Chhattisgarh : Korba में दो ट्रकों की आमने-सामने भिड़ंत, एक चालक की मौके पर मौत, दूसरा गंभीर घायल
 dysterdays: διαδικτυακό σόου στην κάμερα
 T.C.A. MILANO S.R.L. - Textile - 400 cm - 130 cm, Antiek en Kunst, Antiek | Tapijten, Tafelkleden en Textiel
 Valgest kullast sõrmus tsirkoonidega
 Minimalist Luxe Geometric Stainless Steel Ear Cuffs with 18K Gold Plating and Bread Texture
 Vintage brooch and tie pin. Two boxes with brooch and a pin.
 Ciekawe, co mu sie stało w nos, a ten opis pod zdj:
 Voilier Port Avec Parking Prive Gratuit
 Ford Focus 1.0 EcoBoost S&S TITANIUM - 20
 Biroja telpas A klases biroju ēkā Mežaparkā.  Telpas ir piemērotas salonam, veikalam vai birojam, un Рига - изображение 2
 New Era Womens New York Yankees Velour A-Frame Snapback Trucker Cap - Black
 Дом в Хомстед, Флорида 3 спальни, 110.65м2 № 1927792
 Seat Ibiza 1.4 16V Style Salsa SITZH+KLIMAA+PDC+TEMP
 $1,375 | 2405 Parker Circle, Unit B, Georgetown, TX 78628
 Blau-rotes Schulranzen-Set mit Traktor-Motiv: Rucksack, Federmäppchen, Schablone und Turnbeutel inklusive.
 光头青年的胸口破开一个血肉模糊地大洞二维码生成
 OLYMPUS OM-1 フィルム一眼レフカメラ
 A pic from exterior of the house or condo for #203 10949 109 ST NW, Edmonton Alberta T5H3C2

Your goal:
In the material above, the line with "Blau-rotes Schulranzen-Set mit" marks the start. Print it and every line after it through the last, exactly.

Result of this task:
 Blau-rotes Schulranzen-Set mit Traktor-Motiv: Rucksack, Federmäppchen, Schablone und Turnbeutel inklusive.
 光头青年的胸口破开一个血肉模糊地大洞二维码生成
 OLYMPUS OM-1 フィルム一眼レフカメラ
 A pic from exterior of the house or condo for #203 10949 109 ST NW, Edmonton Alberta T5H3C2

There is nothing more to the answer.